Face aos normativos atrás enunciados, e para o que agora interessa, “a omissão de pronúncia significa, fundamentalmente, ausência de posição ou de decisão do tribunal sobre matérias em que a lei imponha que o juiz tome posição expressa. Tais questões são aquelas que os sujeitos processuais interessados submetam à apreciação do tribunal (art. 660.º, n.º 2, do CPC), e as que sejam de conhecimento oficioso, isto é, de que o tribunal deve conhecer, independentemente de alegação e do conteúdo concreto da questão controvertida, quer digam respeito à relação material, quer à relação processual” (cf. Ac. deste STJ de 24 de outubro de 2012, processo n.º 2965/06.0TBLLE.E1).


3. Assim, estando em causa uma decisão, as exigências de pronúncia e fundamentação dos acórdãos devem sofrer as devidas adaptações em função do objeto e do âmbito do recurso, pelo que a omissão de pronúncia apenas ocorrerá quando o tribunal deixou de se pronunciar sobre uma questão que devia ter apreciado, seja a mesma suscitada pelas partes em recurso ou de conhecimento oficioso (artigos 425, n.º 4 e 379 do Código de Processo Penal).

Nesta senda, “as questões a decidir não se confundem com considerações, argumentos, motivos, razões ou juízos de valor produzidos pelas partes: a estes não tem o tribunal que dar resposta especificada ou individualizada, mas apenas aos que directamente contendam com a substanciação da causa de pedir e do pedido.

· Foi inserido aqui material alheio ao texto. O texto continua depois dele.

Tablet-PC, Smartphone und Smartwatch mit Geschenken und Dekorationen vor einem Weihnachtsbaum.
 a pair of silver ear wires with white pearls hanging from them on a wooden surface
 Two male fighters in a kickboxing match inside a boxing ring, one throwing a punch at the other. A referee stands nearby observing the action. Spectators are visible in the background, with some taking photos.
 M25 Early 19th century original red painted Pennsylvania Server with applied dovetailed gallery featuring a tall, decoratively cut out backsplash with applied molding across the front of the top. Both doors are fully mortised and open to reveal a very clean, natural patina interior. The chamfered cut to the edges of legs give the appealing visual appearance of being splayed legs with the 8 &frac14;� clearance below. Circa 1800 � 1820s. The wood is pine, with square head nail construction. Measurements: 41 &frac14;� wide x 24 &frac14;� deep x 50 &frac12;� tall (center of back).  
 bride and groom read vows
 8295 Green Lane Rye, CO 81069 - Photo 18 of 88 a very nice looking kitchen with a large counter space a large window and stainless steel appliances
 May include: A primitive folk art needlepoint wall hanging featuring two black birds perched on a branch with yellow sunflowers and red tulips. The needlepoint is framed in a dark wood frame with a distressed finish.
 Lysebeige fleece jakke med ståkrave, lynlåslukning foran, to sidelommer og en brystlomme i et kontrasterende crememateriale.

Não ocorre a nulidade, por omissão de pronúncia, se não forem consideradas, na sentença, linhas de fundamentação jurídica que as partes hajam invocado”. (Ac. deste STJ de 9 de dezembro de 2014, Revista n.º 75/07.1TBCBT.G1.S1 - 1.ª Secção, acessível in www.stj.pt/jurisprudencia/sumários de acórdão/ Civil - Ano de 2014).



B

Da Pretensa Omissão de Pronúncia, no Caso



1. No caso dos presentes autos, invocam os recorrentes que há omissão de pronúncia em virtude de o acórdão proferido ter mantido a condenação, mas ter mencionado uma questão/ilícito diferente, pelo que os mesmos concluem que o Tribunal não se pronunciou sobre a questão por si suscitada.

No acórdão em causa, proferido a 29 de setembro de 2021, escreveu-se que:

“Em geral, podem considerar-se elementos do crime de associação criminosa: a pluralidade de elementos; os laços significativos (ainda que continuidade temporal; a estrutura organizatória; e, obviamente, o escopo criminoso, sem o que cairá por terra qualificação. A lei reconhece: elemento organizativo, de estabilidade e da finalidade criminosa — v. Acs. deste STJ, de 8-1-98, Proc. n.º 1042/97; e de 23-11-00, CJ, S, XIII, 3, p.220. É um crime doloso, de execução permanente e de perigo abstrato.

 Parece efetivamente, pelos elementos dos autos, não haver dúvidas de que estamos (inter alia) perante um crime de associação criminosa p. e p. pelo art 299, n.º 1, do CP, sendo que a arguida AA, ao chefiar a organização, fica sob a alçada da previsão do n.° 3 do mesmo artigo. Quem chefiar ou dirigir os grupos, organizações ou associações referidos nos números anteriores é punido com pena de prisão de 1 a 8 anos.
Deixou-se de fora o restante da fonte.